Despite long-standing Supreme Court precedent directing that the proposal is unconstitutional, Florida legislators this month are seeking to broaden the death penalty to non-homicide crimes. The proposal has Gov. Ron DeSantis’ full support. On Tuesday, the Florida Senate Rules Committee is expected to vote on the bill, which is the bill’s last committee stop before the floor.
Specifically, the bill seeks to broaden the death penalty to sexual battery crimes against children. The bill plainly contradicts the court’s 2008 decision in Kennedy v. Louisiana, which held that punishing a defendant with death when the crime does not intentionally cause the victim’s death violates the Eighth Amendment to the U.S. Constitution.
The Supreme Court of just 15 years ago clearly forbade what Florida is now trying to do. Florida legislators say “that’s the point.” Their goal is to provide the Supreme Court with the opportunity to review Kennedy, at which point both Gov. DeSantis and Florida legislators are confident the court, “in its current iteration,” would overturn Kennedy. Emphasizing the perceived ideological changes on the court since 2008, state Sen. Jonathan Martin (the Senate bill’s sponsor) argued that Justice Samuel Alito’s dissenting opinion in Kennedy—joined by Chief Justice John Roberts and Justices Antonin Scalia and Clarence Thomas—opened the door to this legislation. In light of Alito’s dissent and the current court’s “ideological framework,” Sen. Martin believes that the “new” court would “be in favor” of this legislation. Similarly, state Rep. Jessica Baker (the House bill’s sponsor) said she “welcome[s]” a constitutional challenge and is “hopeful” the court would “recede” from its “improperly decided” opinion in Kennedy.

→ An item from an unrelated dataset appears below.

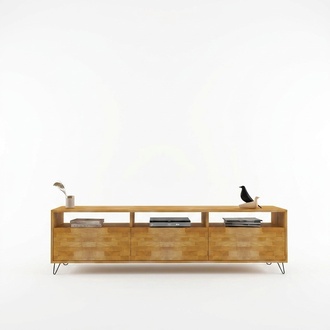 Braunes Wohnzimmer Sideboard Robuster TV Ständer Moderne Holz Möbel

When asked late last month if the bill is unconstitutional, Rep. Baker responded that “fifteen years of wrongly decided caselaw is not persuasive” to her. She previously argued that Kennedy is ripe for reconsideration because the majority’s decision was not “based on any law” and did not point to any statute or constitutional provision for its basis but was, instead, based on the majority’s “independent judgment.” That statement is far from accurate. As testimony for the Florida Association of Criminal Defense Lawyers clarified at the committee hearing, the majority decision in Kennedy was grounded in the cruel and unusual punishment clause of the Eighth Amendment.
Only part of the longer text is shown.